Invisible Work and the Multiple Burdens
On a palm oil plantation, “core work” means harvesting and pruning—tasks that earn premiums. This is usually men’s work. On the other hand, spraying, the job that keeps crops alive, is considered women’s work. Sprayers and fertilizer only a fixed monthly premium (400,000 IDR) even if they exceed their daily targets. On the other hand, male harvesters earn premiums based on their harvesting output. This is calculated based on the weight of their output. In plantation-heavy provinces across Kalimantan and Sumatra, Amnesty International has documented women on palm oil plantations earning as little as US $2.50 a day.2 The gender pay gap is evident, and it demonstrates how gender is woven into the intricacies of the workplace, from job type to wages.
In smallholder arrangements, families work the land together, but the contract is signed by the head of the household, which is almost always a man, and therefore all payments go to him. Whether that money becomes a shared family budget or stays in his pocket depends on family dynamics not governed by policies.
Maecel and Veronica described this pattern across multiple assessments, even beyond palm oil. Simply put, the division of labor on a palm oil plantation is as such: women do the spraying, the weeding, loose fruits picking, and the sorting while their husbands do the core work and receive a higher pay. But the invisible burden persists when women start their day. It begins with preparing breakfast, getting their children ready for school, preparing clothes for the husband and other house chores. Additionally, once they leave work they start their third shift at home, where they cook, clean, care for their children, and care for their husbands.
This situation is not an isolated case. Women around the world perform 16 billion hours of unpaid and unrecognized care work, such as cooking, cleaning, childcare and eldercare, on a daily basis. According to UN Women, “if that labor were given a monetary value, it would exceed 40% of GDP in some countries.”3 Women spend 2.5 times more hours on unpaid care each day than men.

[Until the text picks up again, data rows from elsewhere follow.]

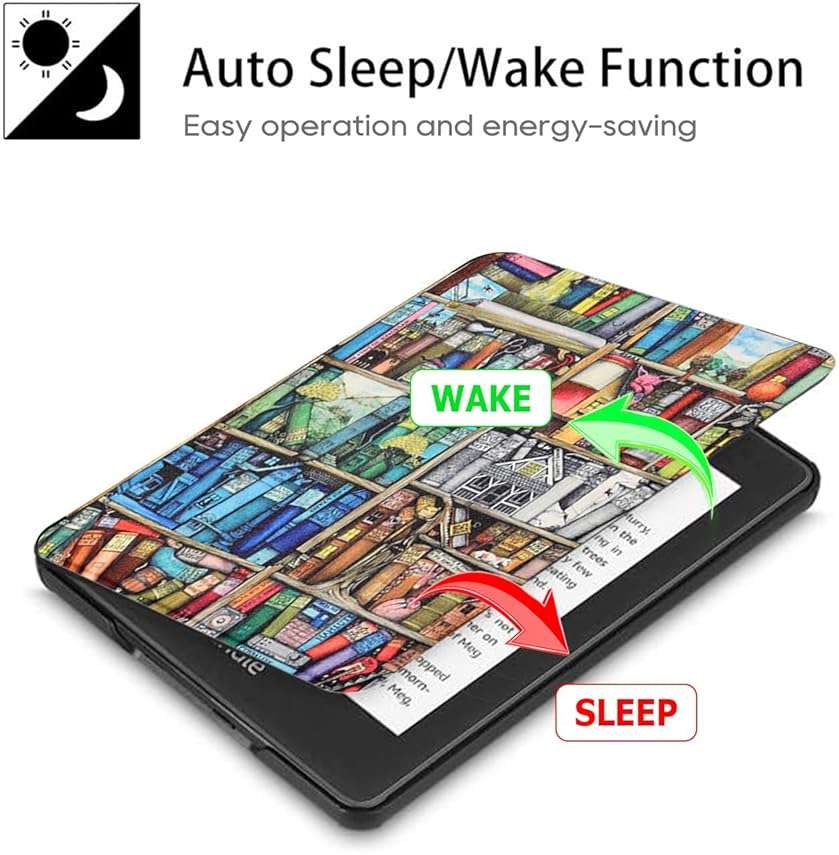 SCSVPN Case for 6 Inch Kindle 2024 and 2022 (11th Generation) - All new Slim Premium PU Leather Smart Protective Cover with Hand Strap, Auto Wake/Sleep for Kindle RS23CV / C2V2L3 E-Reader - Bookshelf - Image 4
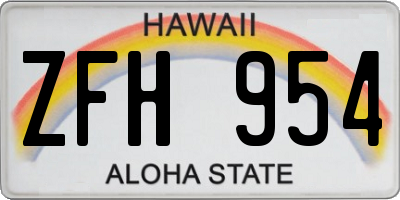 HI license plate ZFH954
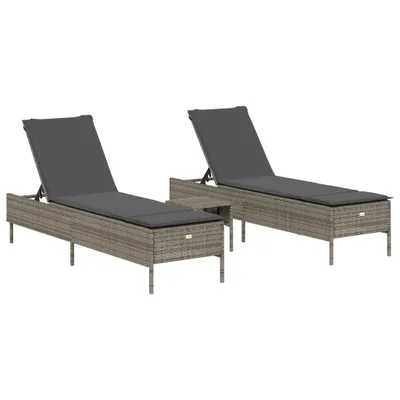 Produktbild von vidaXL 3-tlg. Sonnenliegen-Set mit Auflage Grau Poly Rattan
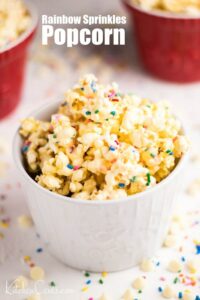 Easy Sweet Rainbow Sprinkles Popcorn perfect for movie night | Kitchen Cents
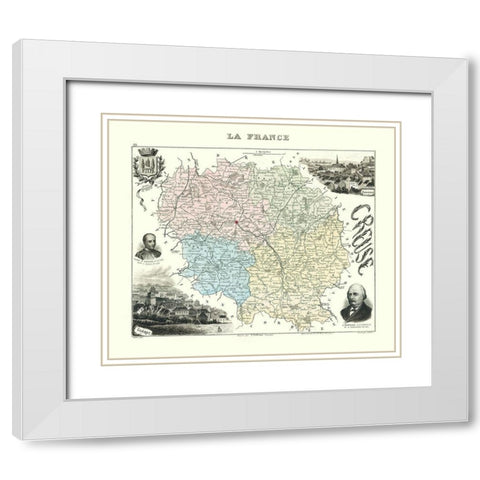 Creuse Region France - Migeon 1869 White Modern Wood Framed Art Print with Double Matting by Migeon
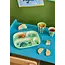 Kinderbord met 4 Compartimenten - Soft Green - Dino Print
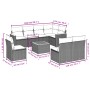 8-piece garden sofa set and black synthetic rattan cushions by , Garden sets - Ref: Foro24-3226048, Price: 510,17 €, Discount: %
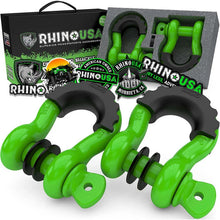 Load image into Gallery viewer, Rhino USA 3/4In D-Ring Shackle Set (2-Pack)(Green) - Main Product View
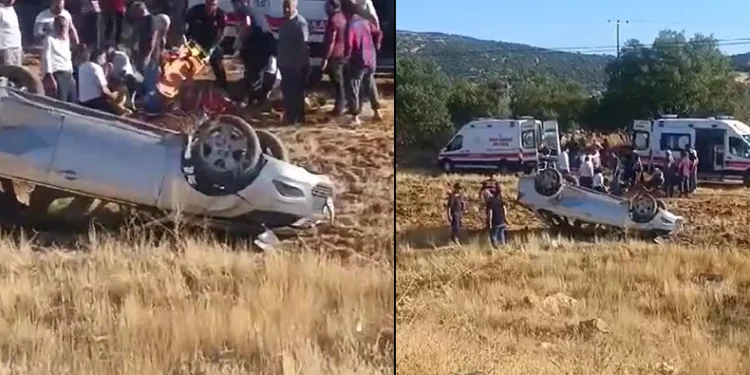 Direksiyon hakimiyetini kaybeden otomobil tarlaya uçtu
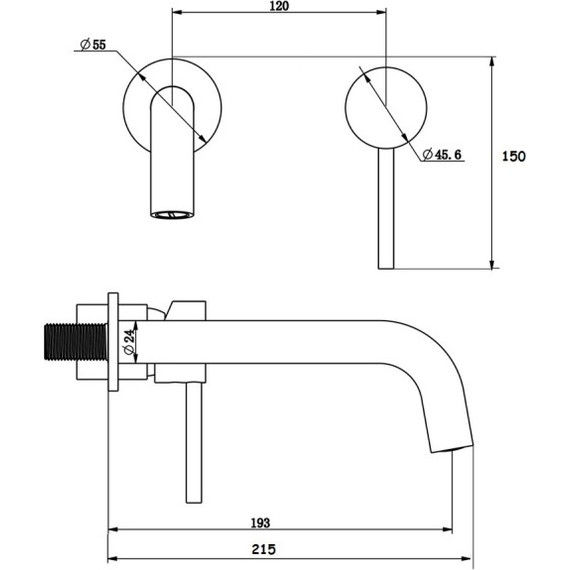 Смеситель для раковины настенный Bronze de Luxe Scandi 14511B, чёрный матовый, Цвет производителя: чёрный матовый - фото 5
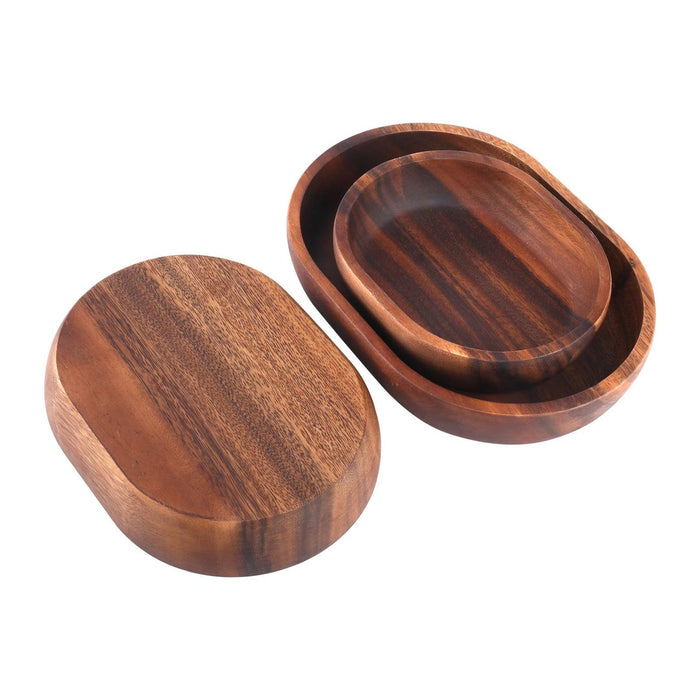 Acacia Wood Bowl Trio - Elegant Oval Serving Dishes for Salads, Fruits, and Desserts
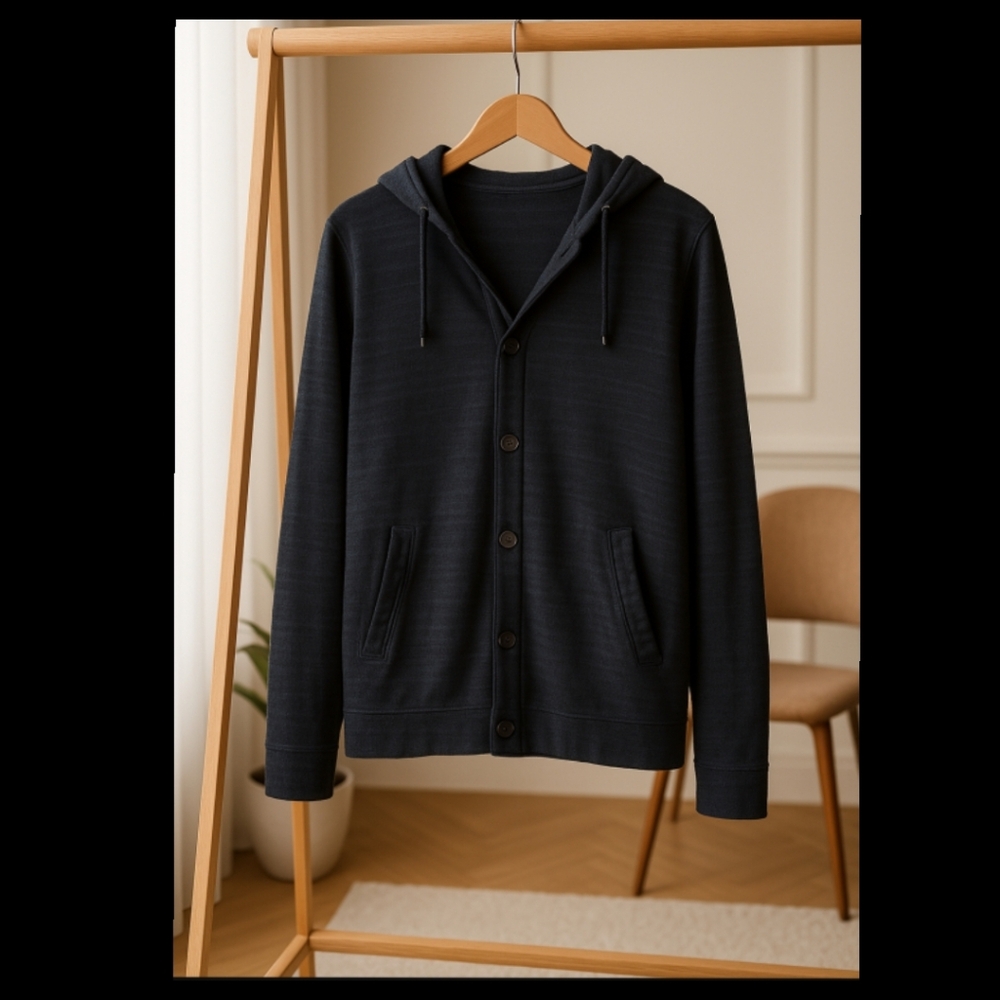 James Perse Lightweight Hooded Button-Up Sweatshirt Jacket Black Women’s Small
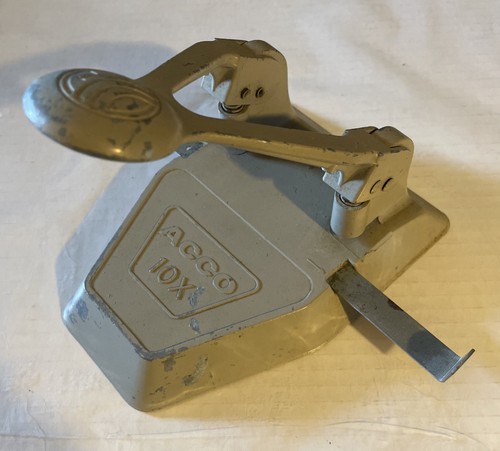 Vintage ACCO 10X 2 Hole Paper Punch Gray Mid Century Heavy Metal Canada EUC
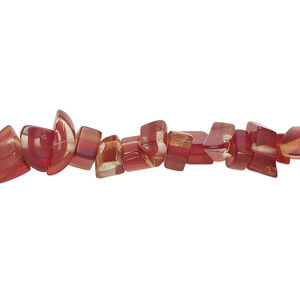 Bead, glass 1pkg1, translucent cherry, small to extra-large chip, 30-inch strand.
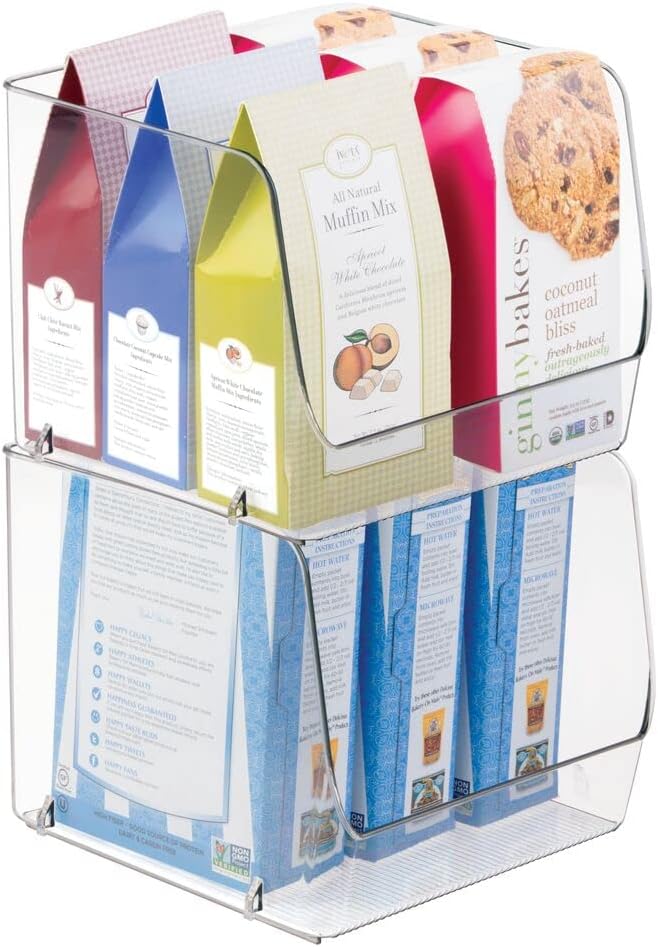 mDesign Extra Large Household Stackable Plastic Food Storage Organizer Bin Basket with Wide Open Front for Kitchen Cabinets, Pantry, Offices, Closets, Bedrooms, Bathrooms - 8.5" Wide, 2 Pack - Clear Clear 8.5 x 8.5 x 7.25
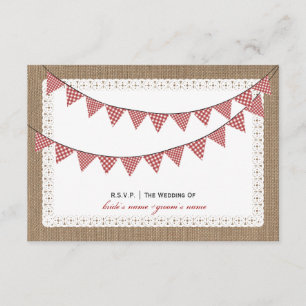 Burlap Inspiriert Red Gingham Bunting UAWG RSVP Karte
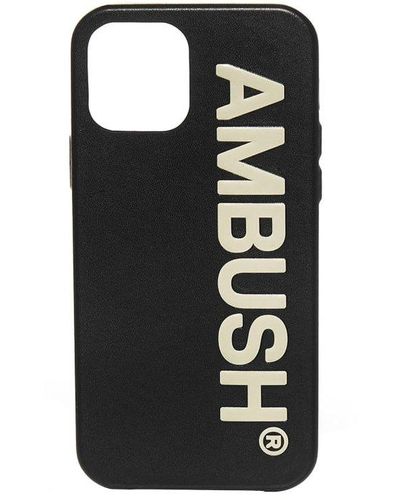 Ambush Logo Printed Iphone 12 Pro Max Case - Black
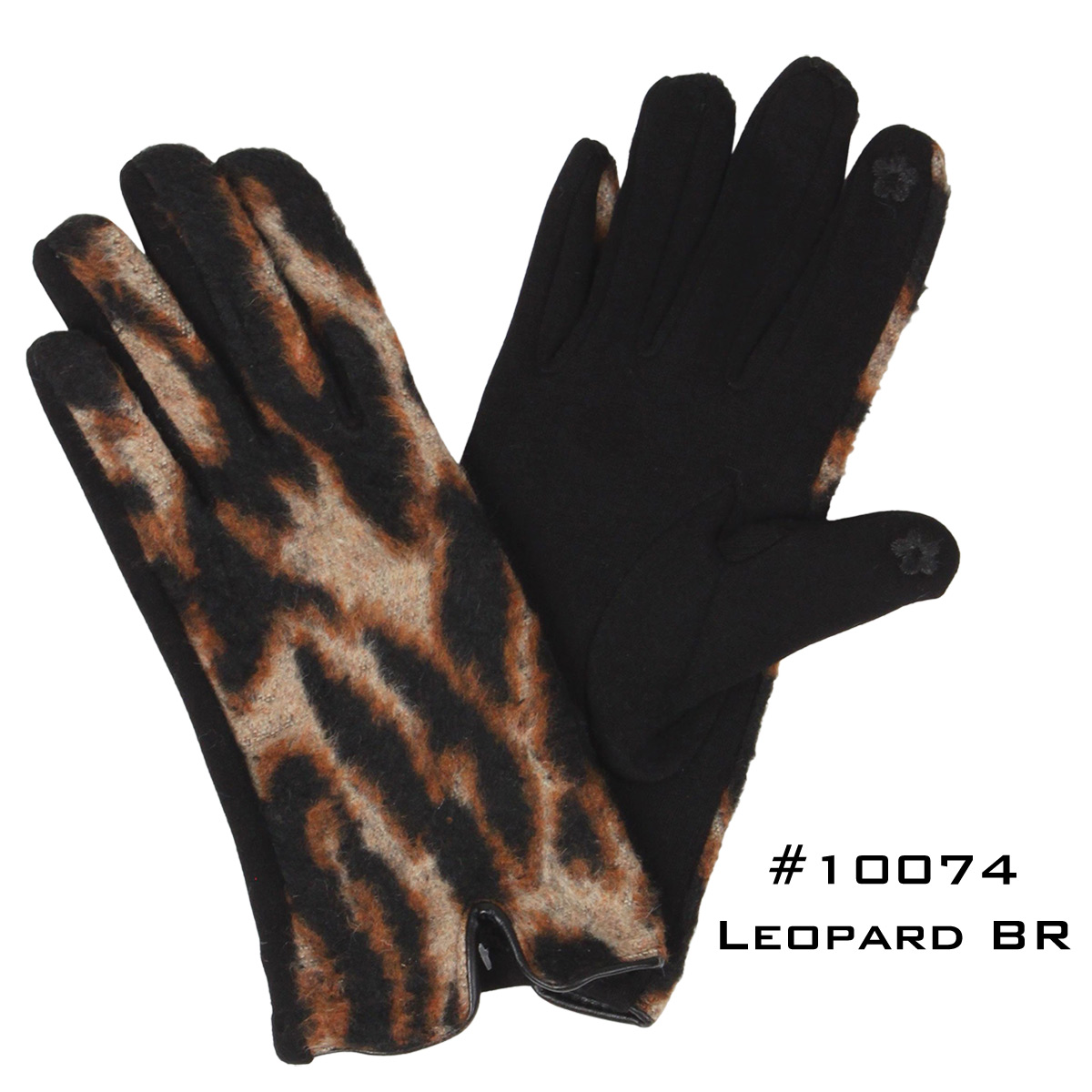 10074 WOOL FEEL LEOPARD BR Touch Screen Smart Gloves - Fleece Lined 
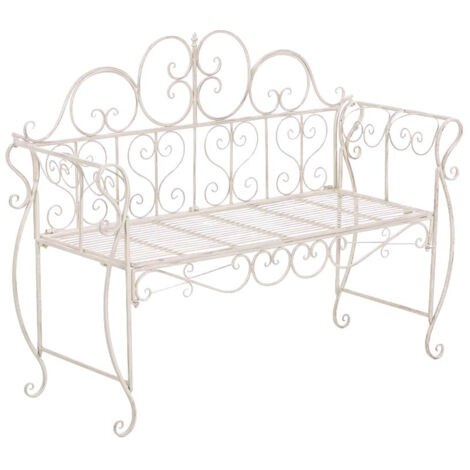 Banc de jardin design rustique largeur 128 cm en métal crème vieilli 100002941 (1/5)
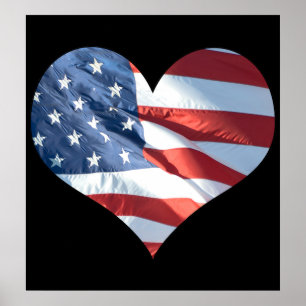 Affiches Drapeau américain en forme de coeur patriotique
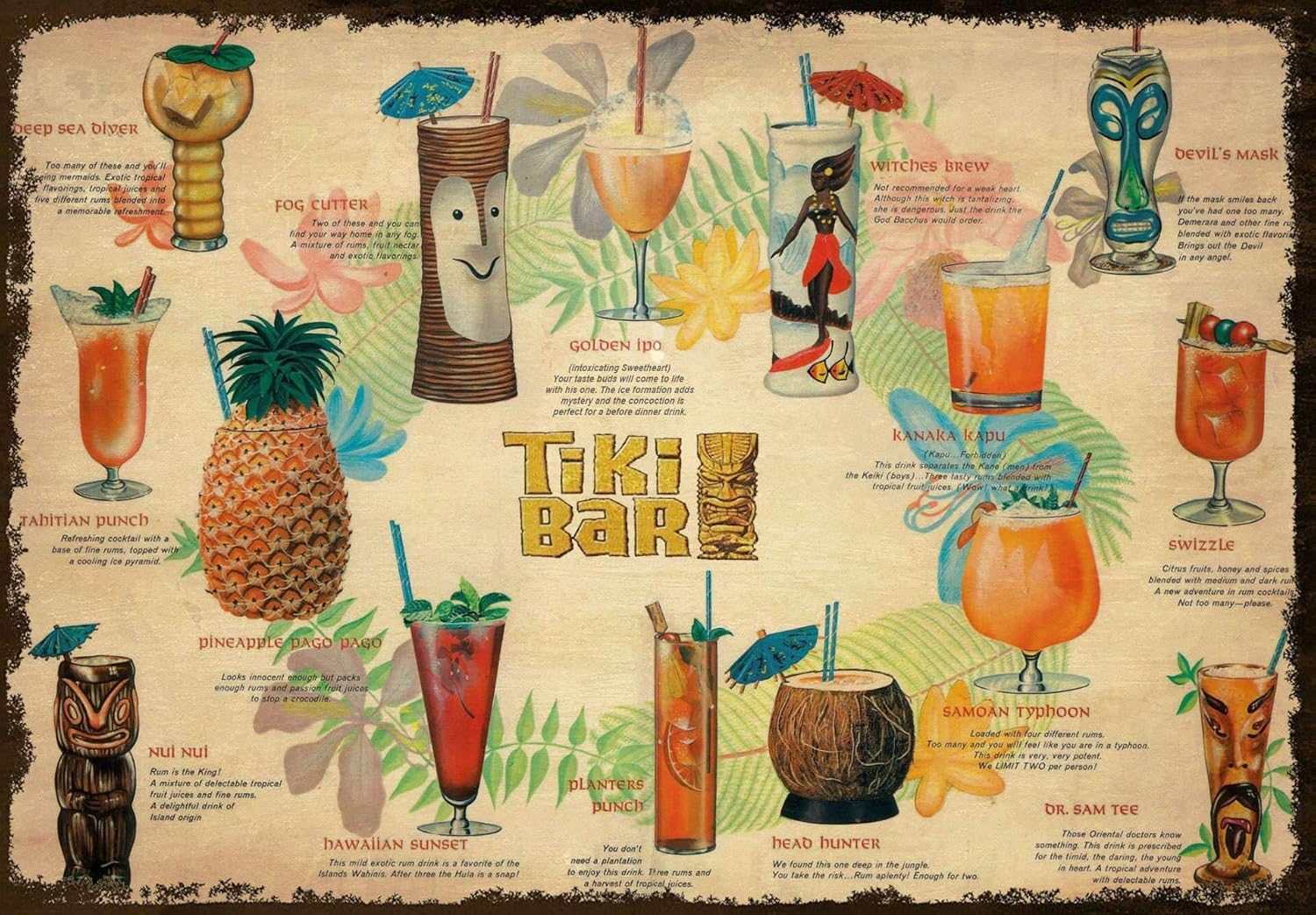 Amazon.com: Vintage New Metal Poster Tiki Bar Summer Cocktail Menu Metal Tin Sign 8x12 Inch Retro Art House Cafe Shop Bar Restaurant Garage Fast Food Classic Wall Decor Metal Plaque: Posters &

This results in 45% of working-age women being excluded from the labor market by care responsibilities, compared to 5% of men. Balancing paid work with domestic duties continues to be one of the biggest challenges that women face.4 According to UN Women, globally, women aged 25 to 54 participate in the workforce at 61.4% compared to 90.6% for men. For mothers of young children, that number drops to 53.1%. For women in agricultural supply chains, nearly 60% of employment is informal and there is a lack of protections like pensions and maternity leave.
Even when women qualify for leadership, they may step aside. This is not because they lack skill, experience, respect, or ambition. A 2025 joint survey by the International Labour Organization and the Indonesia Business Coalition for Women Empowerment found that 42.1% of top management and 47.1% of senior management identified caregiving responsibilities as the primary barrier to women’s career progression in export sectors including palm oil.5 The reality is that many women cannot take on a supervisory role without re-negotiating household obligations. The burden of invisible work leaves women with less time and fewer opportunities to grow their careers.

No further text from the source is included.